L’écrivain romand Yves Velan est mort à La Chaux-de-Fonds dans le canton de Neuchâtel, le samedi 6 mai à l’âge de 91 ans. Il naît à Saint-Quentin, dans l’Aisne, le 29 août 1925. Si son père, Marcel, protestant, est originaire de Bassins, dans le canton de Vaud (Suisse), sa mère est picarde. Yves passe sa petite enfance à Eaubonne, dans la banlieue nord de Paris, où son père, architecte, exerce, jusqu’à ce que de graves difficultés financières au tout début des années 1930 conduisent la famille à s’établir en Suisse.
Direction Genève, puis le canton de Vaud, où Yves fait ses études, à Nyon, puis cap à l’université de Lausanne, où il adhère à la Société des belles lettres. Grand lecteur de Stendhal, Flaubert et Proust, passionné par le roman russe, Tolstoï et Dostoïevski notamment, il enseigne, titulaire d’une licence de lettres, la littérature à Nyon, avant d’occuper deux ans un poste de lecteur à l’université de Florence. C’est là qu’il rencontre celle qui deviendra son épouse, Luisa, dont il aura une fille, Florence.

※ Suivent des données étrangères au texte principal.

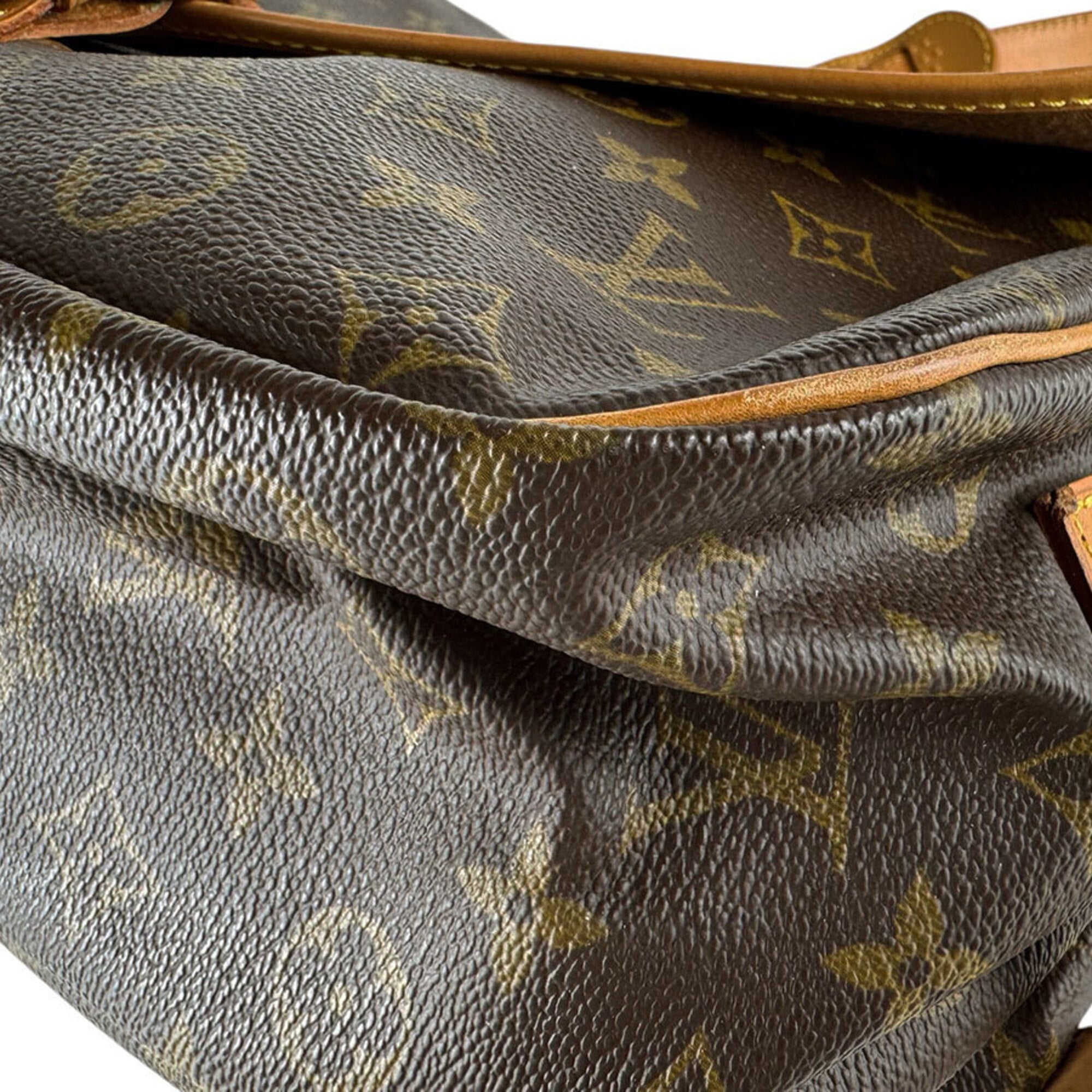 Louis Vuitton Brown Monogram Monogram Shoulder Bag (Pre-Owned)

De retour à Lausanne, Yves Velan milite : politiquement – communiste, il adhère dès 1946 au Parti ouvrier et populaire (POP), fondé en 1944 ; il reste membre jusqu’en juin 1958, lorsque l’exécution d’Imre Nagy, leader de l’insurrection hongroise de 1956, rend la rupture inévitable à ses yeux – et culturellement puisqu’il fonde, avec cinq jeunes lettrés (Henri Debluë, Jean-Pierre Schlunegger, Michel Dentan, Georges Wagen et Jean Messner) qui partagent la même conception engagée de la littérature, la revue Rencontre (1950), point de départ d’une aventure éditoriale singulière au succès impressionnant, voire fulgurant. En vingt ans, c’est l’adresse d’un des clubs de livres les plus importants de la francophonie, avec près de 6 millions de volumes vendus en 1970 !

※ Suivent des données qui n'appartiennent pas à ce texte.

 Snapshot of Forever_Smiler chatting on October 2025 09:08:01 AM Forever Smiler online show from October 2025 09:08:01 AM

La transformation du monde par les idées et la littérature
A l’origine, le projet était moins mercantile et plus altruiste puisque la nouvelle société coopérative Rencontre avait pour projet de « répandre la beauté par l’édition, la confection, la diffusion et la vente en commun de livres au prix de revient ». Montée avec le concours du patricien Pierre-Balthasar de Muralt (1922-2013), docteur en droit et typographe diplômé, qui vient de racheter en 1949 l’imprimerie Henri Jaunin, la nouvelle adresse éditoriale débute en publiant l’Antigone de l’écrivain et helléniste lausannois André Bonnard (1888-1959), fraîchement élu président du Mouvement suisse de la paix – un engagement sensible aux premières heures de la guerre froide, qui lui vaut d’être inculpé devant le Tribunal fédéral pour atteinte à la sécurité extérieure de l’Etat en 1952, soupçon d’espionnage au profit de l’URSS que l’obtention du prix Lénine pour la paix en 1954 ne dissipe pas.